In ordering the dismissal of the Whistler case, Judge Robert C. Jones explicitly adopted the reasoning of Judge Kenneth L. Ryskamp of the United States District Court for the Southern District of Florida in the case of Capece v. DTCC. In that case, which was dismissed by the court on October 11, 2005, Judge Ryskamp specifically found that, "Allowing Plaintiffs to assert a state law cause of action against Defendants (DTCC and its subsidiaries) would require Defendants to tailor their practices with regard to the SBP (stock borrow program) to satisfy each state's formulation of the standard of care in a negligence action. Such a result would destroy the Congressionally-mandated uniform system governing securities trading."
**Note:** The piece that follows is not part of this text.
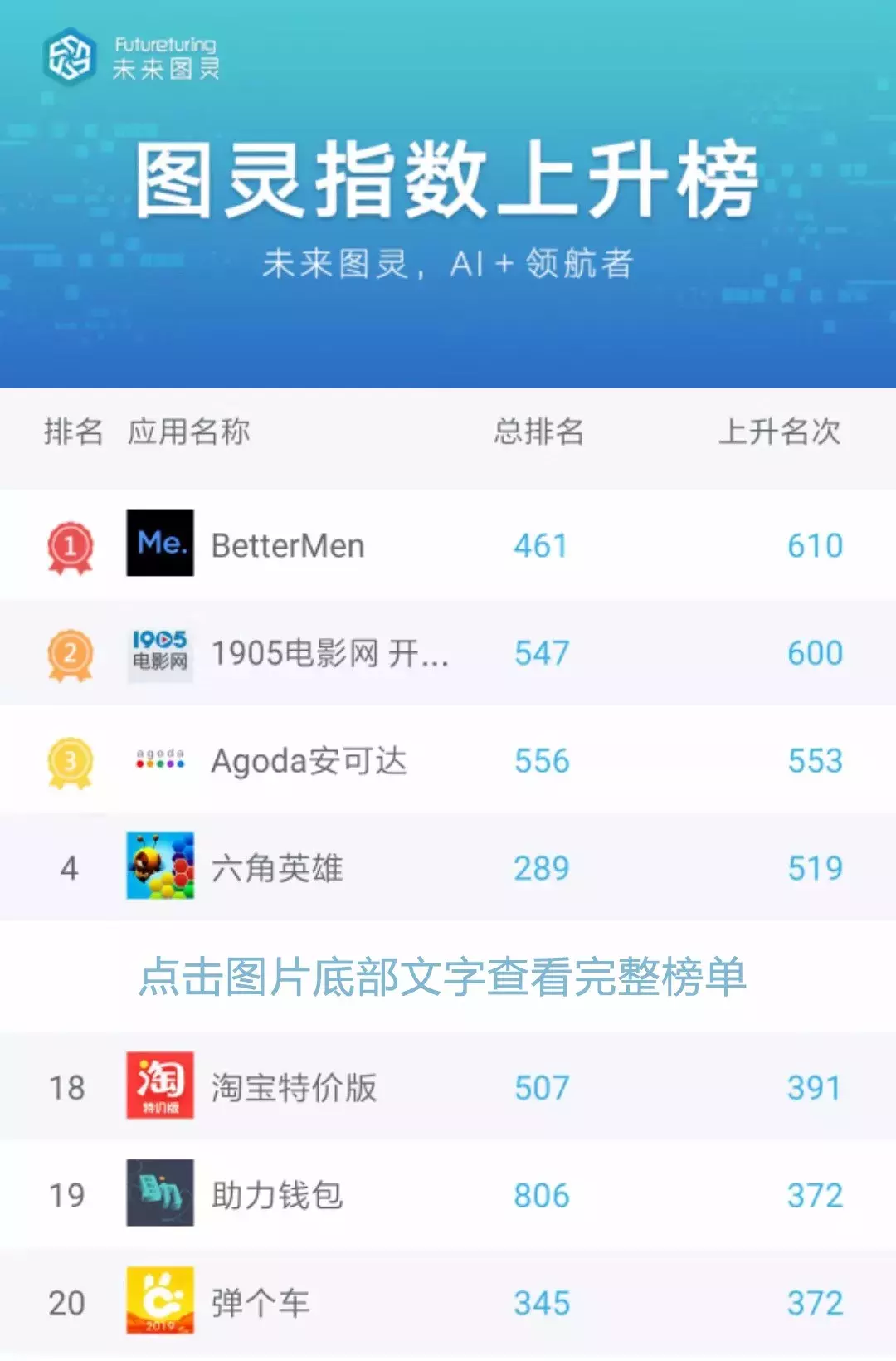 图灵周刊 | 中国第一款5G手机上发售、埃隆马斯克确定参加上海市全球人力...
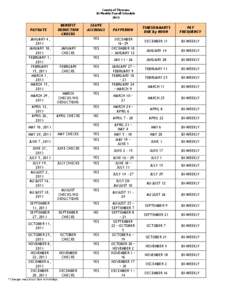 County of Fluvanna Bi-Weekly Payroll Schedule 2013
Thompson concluded, "By dismissing the Whistler case, Judge Jones has reaffirmed the importance and value of having clearly delineated authority in the area of market operations. We completely agree with this result, as does the SEC which has weighed in unequivocally on this issue."
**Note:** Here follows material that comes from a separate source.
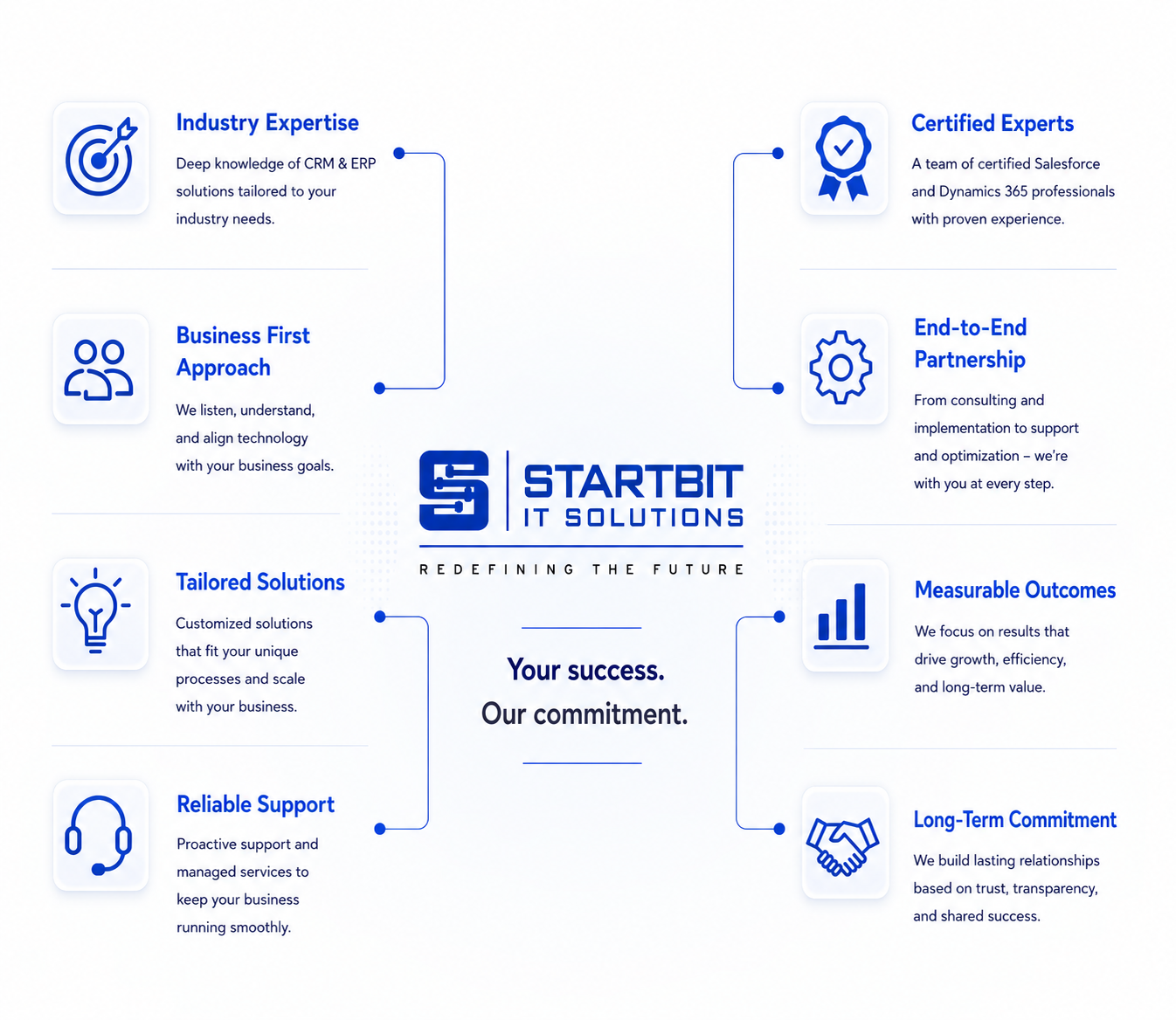 Startbit CRM and ERP platform delivery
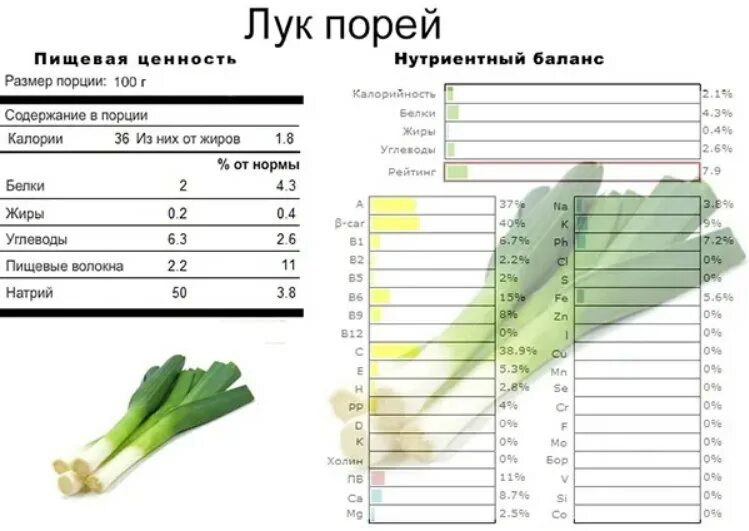 Лук калории. Калорийность жареного лука. Лук калории. Лук репчатый бжу на 100 грамм. Лук репчатый бжу на 100 грамм.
In February 2006, the SEC filed a "friend of the court" brief in support of DTCC in one of the dismissed cases, Nanopierce Technologies Inc. v. DTCC, urging the Supreme Court of Nevada to affirm the lower court decision dismissing the case. The Nanopierce case, which makes identical claims to those in the Whistler action, is pending on appeal before the Supreme Court of Nevada.
Additionally, in a May 12, 2006 follow-up letter to the Supreme Court of Nevada the SEC wrote, "Plaintiffs' claims are preempted because evaluating these claims of alleged defects has been entrusted by Congress to the (SEC), not to state courts."
In its letter to the Nevada court, the SEC stated, "The (SEC) found that the clearance and settlement system complies with the requirements of the Exchange Act when it approved the system more than twenty years ago, and it has continued to be of that view as it has exercised oversight responsibility ever since."
The SEC also stated that it "has adopted Regulation SHO for the purpose of preventing abusive naked short selling, and if it concludes that further steps are required, it will take them."
"The court's decision and the forceful statements made by the SEC underscore what DTCC has been saying since this misguided litigation campaign began," said Thompson. "Short selling and naked short selling are trading strategies and are not connected to the post-trade clearance and settlement of securities transactions. There is nothing in DTCC's operating procedures, activities or conduct that justifies these frivolous suits."
In the Whistler case, DTCC has sought to impose monetary sanctions against the plaintiffs' counsel for having brought frivolous litigation. That application will be pursued vigorously before Judge Jones.